Each treatment presents a risk of causing spinal headaches (post-lumbar puncture syndrome) and meningitis. Alex experienced a spinal headache today that caused him to throw up each time he would sit upright. We were instructed to give him caffeine and to let him rest on his back. A blood patch follow-up injection is required when the condition doesn’t subside on its own. As I’m writing this, Alex has been able to sit upright and eat. We know now to be more careful in his positioning after future Spinraza treatments.
Spinraza isn’t a cure and we know that it doesn’t always work for all patients, nonetheless, we are filled with hope and encouraged by the positive experiences of other families. There is an overwhelming feeling that we are doing the best we can, that we are fighting back given the options available to us.

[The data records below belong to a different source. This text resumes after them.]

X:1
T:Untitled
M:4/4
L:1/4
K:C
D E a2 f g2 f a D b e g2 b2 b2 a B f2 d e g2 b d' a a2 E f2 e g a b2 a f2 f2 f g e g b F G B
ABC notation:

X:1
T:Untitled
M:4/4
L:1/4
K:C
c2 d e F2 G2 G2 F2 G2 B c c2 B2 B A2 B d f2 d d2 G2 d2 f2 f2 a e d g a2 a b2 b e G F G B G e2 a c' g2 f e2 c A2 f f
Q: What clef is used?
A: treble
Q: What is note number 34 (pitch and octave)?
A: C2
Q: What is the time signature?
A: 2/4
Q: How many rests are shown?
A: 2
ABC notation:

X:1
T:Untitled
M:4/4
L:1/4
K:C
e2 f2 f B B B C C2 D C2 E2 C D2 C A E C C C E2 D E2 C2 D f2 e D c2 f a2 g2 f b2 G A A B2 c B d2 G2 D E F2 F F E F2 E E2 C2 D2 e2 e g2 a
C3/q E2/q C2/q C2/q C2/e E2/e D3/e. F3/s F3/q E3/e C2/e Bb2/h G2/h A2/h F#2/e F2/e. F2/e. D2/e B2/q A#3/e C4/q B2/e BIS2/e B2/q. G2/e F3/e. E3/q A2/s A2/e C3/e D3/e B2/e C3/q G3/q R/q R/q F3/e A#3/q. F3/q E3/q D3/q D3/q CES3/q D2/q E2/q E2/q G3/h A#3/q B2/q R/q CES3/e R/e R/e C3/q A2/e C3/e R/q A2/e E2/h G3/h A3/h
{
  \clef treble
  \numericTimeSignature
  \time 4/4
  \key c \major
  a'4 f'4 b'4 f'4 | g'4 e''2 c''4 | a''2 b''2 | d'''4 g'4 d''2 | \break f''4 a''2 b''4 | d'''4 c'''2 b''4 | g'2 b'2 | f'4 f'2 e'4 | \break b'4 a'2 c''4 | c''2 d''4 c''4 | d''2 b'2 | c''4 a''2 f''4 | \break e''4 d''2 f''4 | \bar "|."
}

There isn’t any long term data for us to go on, but we do know that there are many Type II patients who have shown significant positive motor and strength improvements over a 2 year period. We would love to see Alexander improve his arm strength to make eating easier and driving his “Go Go” Wheelchair more manageable. It would also be great if he would get less fatigued throughout the day. Some days he lays to his side, resting on the couch arm or on his table by bedtime.
At a minimum, we want this to stop the progression of the disease. We haven’t had any breathing and/or eating problems or ICU stays yet and he even fought the Flu well a couple months back. Keeping this level of strength moving forward would be a reduced victory, but still an overwhelming win for Alexander.